# [Exercise objective]
Starting with the line that holds "Der Heilige Erzengel Michael", repeat each line through the last one below, exactly. Pictures stay out.

# [Excerpted data]
#####

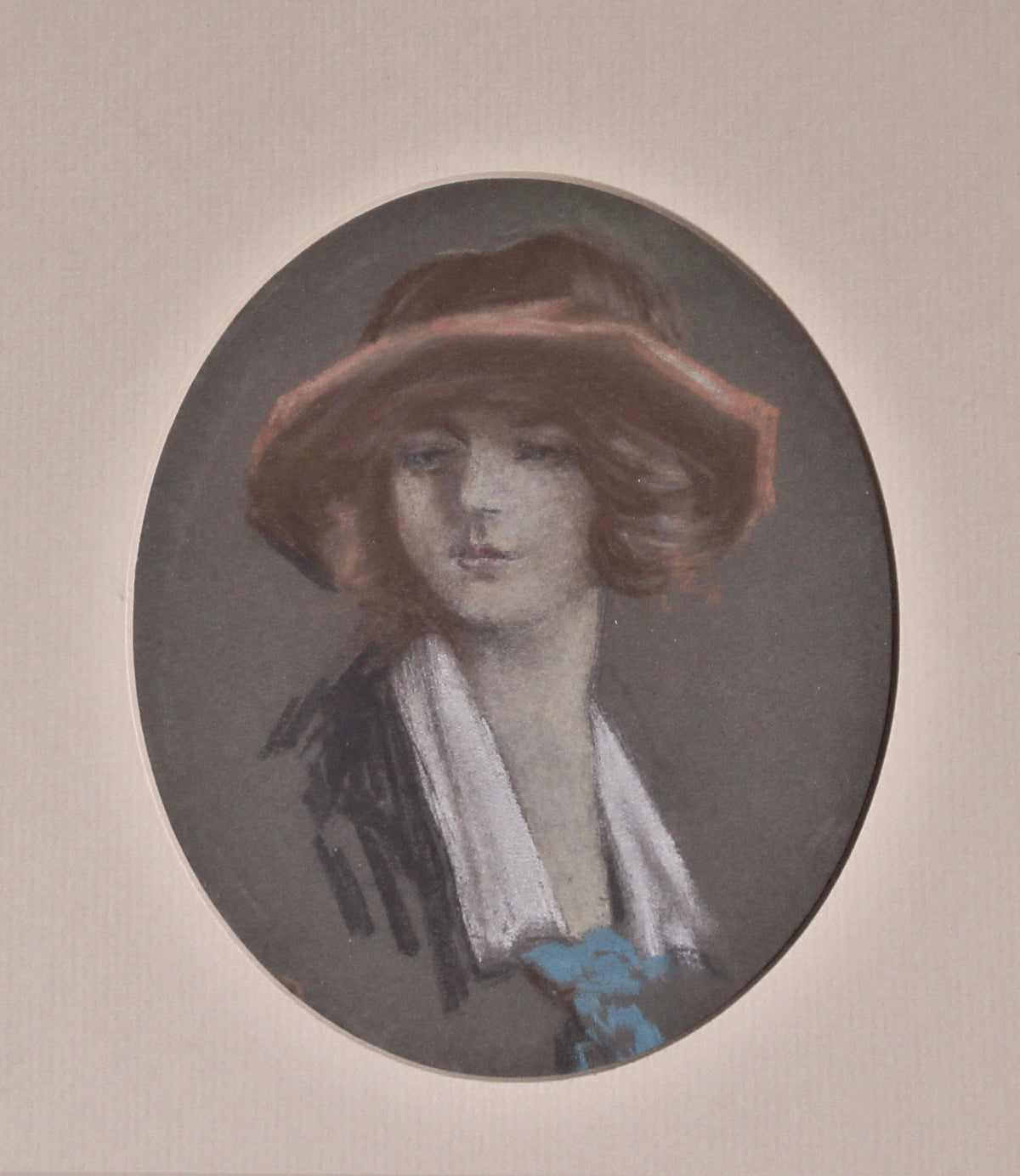 Original  portrait drawing, pastel, Edwardian lady, c1910, framed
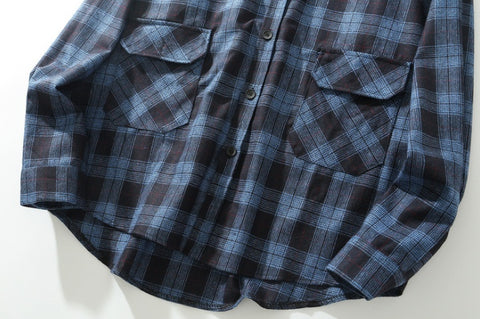 Plaid shirt tide loose large size long sleeves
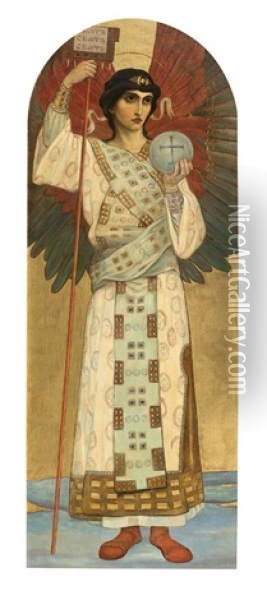 Der Heilige Erzengel Michael (+ Der Heilige Erzengel Gabriel; Pair) Oil Painting - Viktor Mikhailovich Vasnetsov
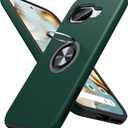 JAME for Google Pixel 9a Case, Dual Layer Military Grade Protection, Shockproof Cover with Metal Ring Holder Stand Kickstand, Slim Fit Protective Phone Case for Google Pixel 9A, Dark Green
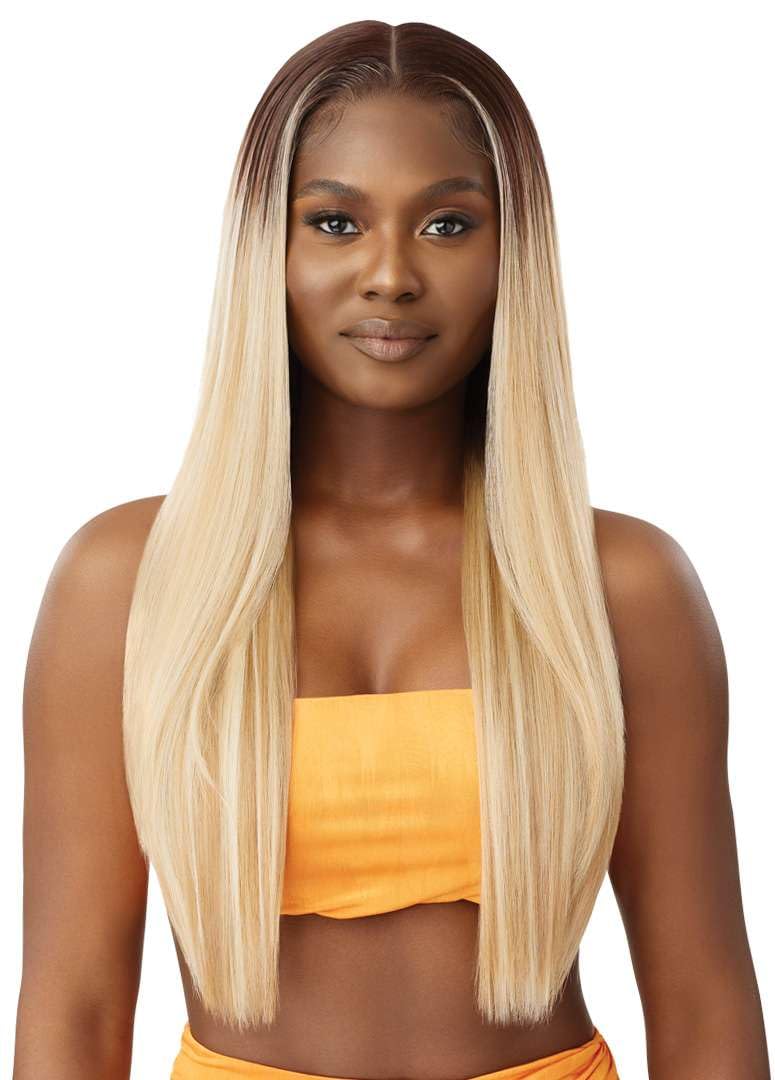 Photo 1 of Outre Airtied 100% Fully Hand-Tied Wig - Human Hair Blend - Sleek Yaki 28" (DRST MAPLE BROWN)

#####

# [Exercise response]
 Der Heilige Erzengel Michael (+ Der Heilige Erzengel Gabriel; Pair) Oil Painting - Viktor Mikhailovich Vasnetsov
 JAME for Google Pixel 9a Case, Dual Layer Military Grade Protection, Shockproof Cover with Metal Ring Holder Stand Kickstand, Slim Fit Protective Phone Case for Google Pixel 9A, Dark Green
 Photo 1 of Outre Airtied 100% Fully Hand-Tied Wig - Human Hair Blend - Sleek Yaki 28" (DRST MAPLE BROWN)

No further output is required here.